Porque tampoco parecen mucho 3.7 grados Fahrenheit, 2 ºC en la escala Celsius que manejamos la mayoría de países. Esos dos grados es el límite marcado por los científicos antes de que el planeta entre en un punto irrevesible, pero seamos sinceros, en realidad es una temperatura que suena asimilable, que mentalmente nos hace pensar en que, simplemente, vamos a depender continuamente de sistemas de refrigeración en verano y vamos a tener unos inviernos mucho menos crudos en los que probablemente no volveríamos a temer por riesgo de congelación o aglomeración de nieve en ninguna parte del planeta.

Estados Unidos es, después de China, el país más contaminante del planeta. Sus 320 millones de habitantes están haciendo más por destruir los polos o por espolear los fenómenos meteorológicos extremos que los 1.200 de India o el total combinado de los más de 500 millones de habitantes que suman Rusia, Japón e Indonesia.

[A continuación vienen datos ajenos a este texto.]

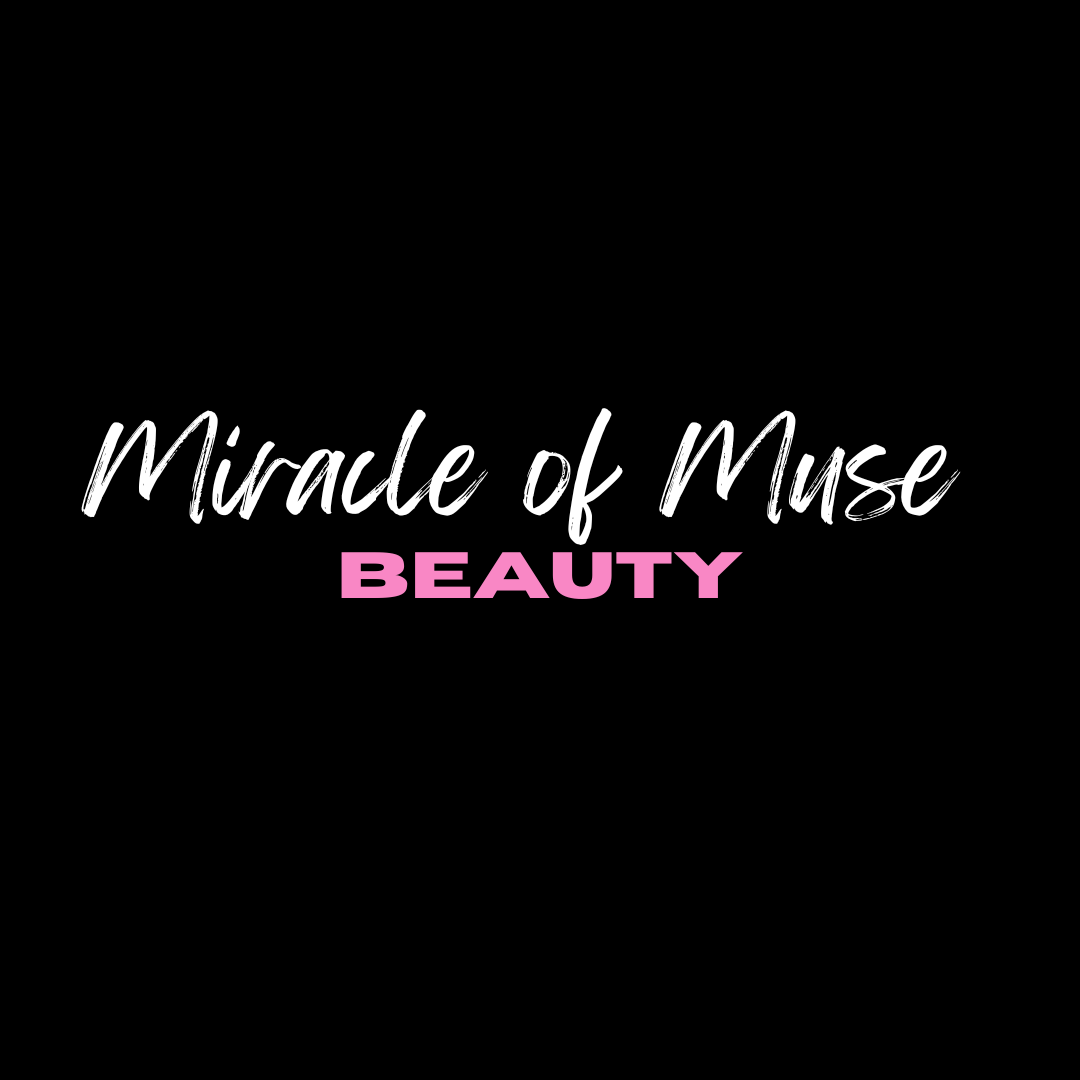 Miracle of Muse Beauty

El Gabinete de Trump, el mismo que acaba de salir del acuerdo voluntario de París (y que funcionaba más bien por accciones de buena fe que de imposición legislativa) no parece preocupado por las consecuencias de una potencia mundial que le da la espalda al resto de la civilización.

Y por eso parece tan interesante este trabajo de ficción climática del dúo francés Menilmonde, que imagina cómo sería un mundo sin límites a la contaminación. Una realidad donde Estados Unidos continuase así, sin comprometerse a solucionar su parte correspondiente y donde los demás sean incapaces de incrementar sus medidas ecológicas para compensar a este gigante generador de CO2.

El resultado, por supuesto, no gustaría a Trump: no sólo los demás tendrán que enfrentarse a un mundo inmerso en el desastre ambiental: el aumento de la temperatura y del nivel del mar podría cargarse su propio territorio, la capital simbólica del país. Y esto sería así mucho antes de lo que a Trump le gustaría pensar: si mantenemos el ritmo de envío de gases actual, la tierra llegará a subir esos dos grados en menos de cuarenta años.

Aunque, si esto es escalofriante, no lo es menos la verdad: el cambio climático ya está afectando a la propia Nueva York. En realidad estas injerencias se están teniendo ya en cuenta por los planificadores urbanísticos para reformar la costa urbana, especialmente en las zonas de Staten Island, Queens y Brooklyn.

Se están demoliendo barrios como Edgemere, Oakwood Beach y Ocean Breeze para evitar la influencia de las aguas crecientes, mientras que en Sea Gate, Breezy Point y Broad Channel Island se han puesto en marcha proyectos urbanísticos a gran escala para elevar las viviendas y la altura de la calle, así como construir defensas costeras que eviten el derrumbamiento por el contacto con el mar.

El delito, por tanto, es doble: no sólo son ya plenamente conscientes de las consecuencias del cambio climático tanto fuera como dentro de sus fronteras nacionales. Sino que **además de saberlo deciden mantener sus niveles de contaminación****** y condenarnos a todos por el proceso.

Si lo que quieren es que el planeta tenga esa pinta, como un mundo distópico y desolado a lo Yo soy leyenda, van a conseguirlo. Este documento quedará como un retrato fidedigno y no como un agorero fatalista. En resumen: pan para hoy y mucha agua para mañana.